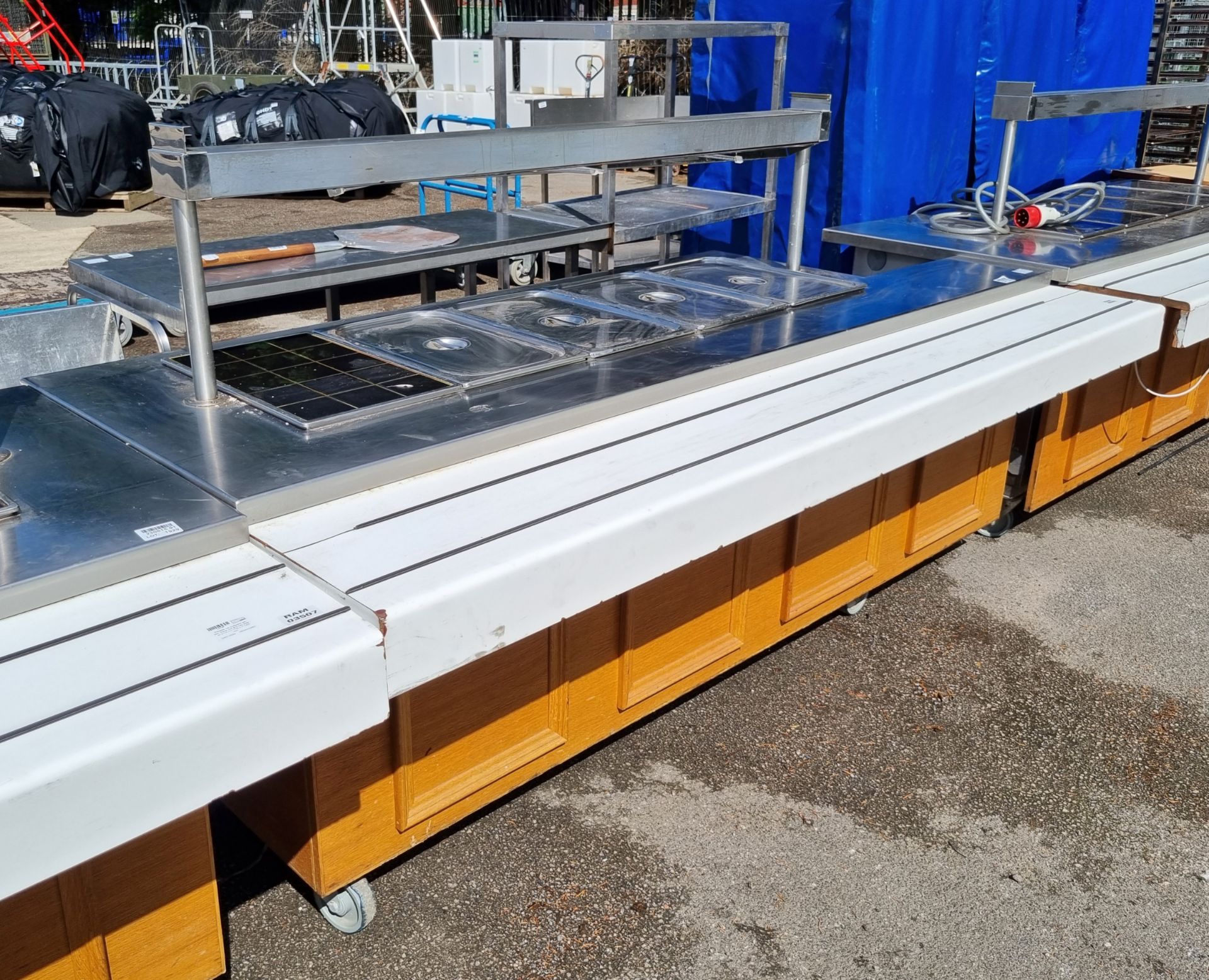 Portable hot cupboard with bain marie unit and tray slide - W 2500 x D 1150 x H 1400 mm - Image 3 of 5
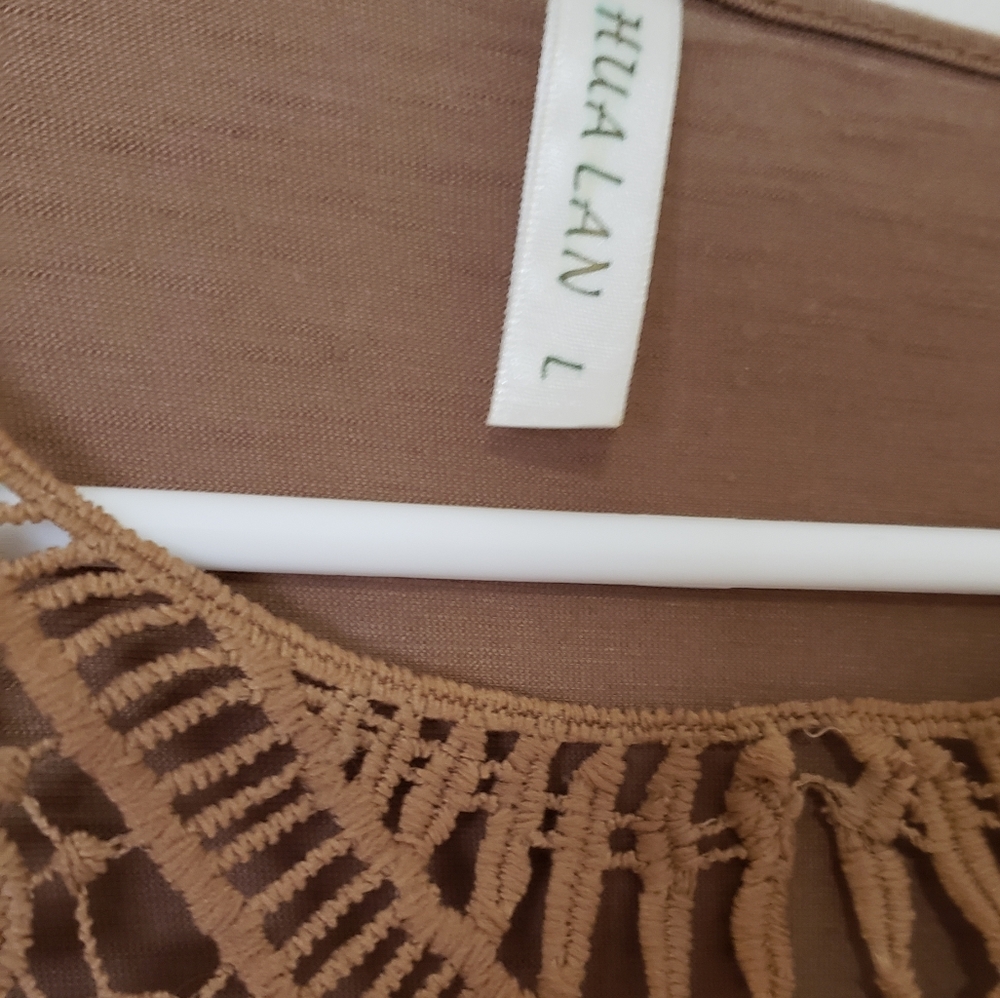 Light brown top - Picture 3 of 6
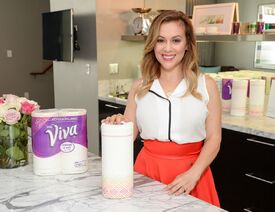 alyssa-milano-at-alyssa-milano-signature-designs-by-viva-towels-launch-in-west-hollywood-09-01-2015_8.jpg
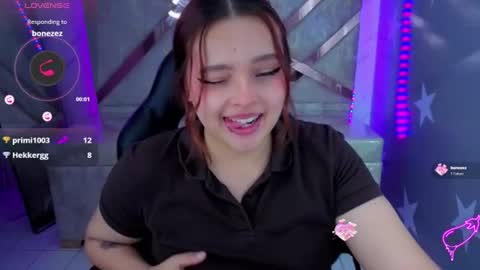 Mia online show from August 9, 4:30 pm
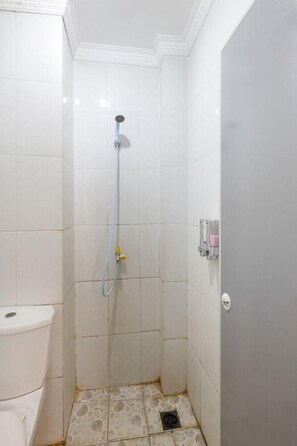 Suihku, ilmaiset hygieniatuotteet, pyyhkeet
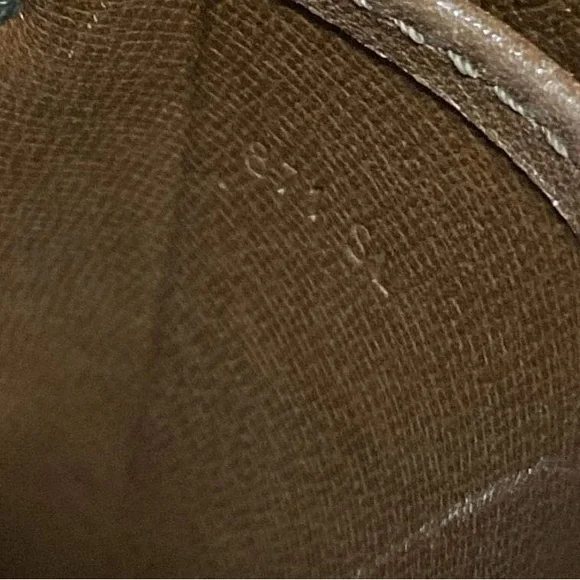 Authentic Louis Vuitton cartouchiere GM monogram crossbody - Picture 12 of 12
○ ○ ○ ○
▶ **Task details**: Retype each entry exactly as it appears, excluding any image.

▶ **Written answer**:
 Portable hot cupboard with bain marie unit and tray slide - W 2500 x D 1150 x H 1400 mm - Image 3 of 5
 Light brown top - Picture 3 of 6
 alyssa-milano-at-alyssa-milano-signature-designs-by-viva-towels-launch-in-west-hollywood-09-01-2015_8.jpg
 Mia online show from August 9, 4:30 pm
 Suihku, ilmaiset hygieniatuotteet, pyyhkeet
 Authentic Louis Vuitton cartouchiere GM monogram crossbody - Picture 12 of 12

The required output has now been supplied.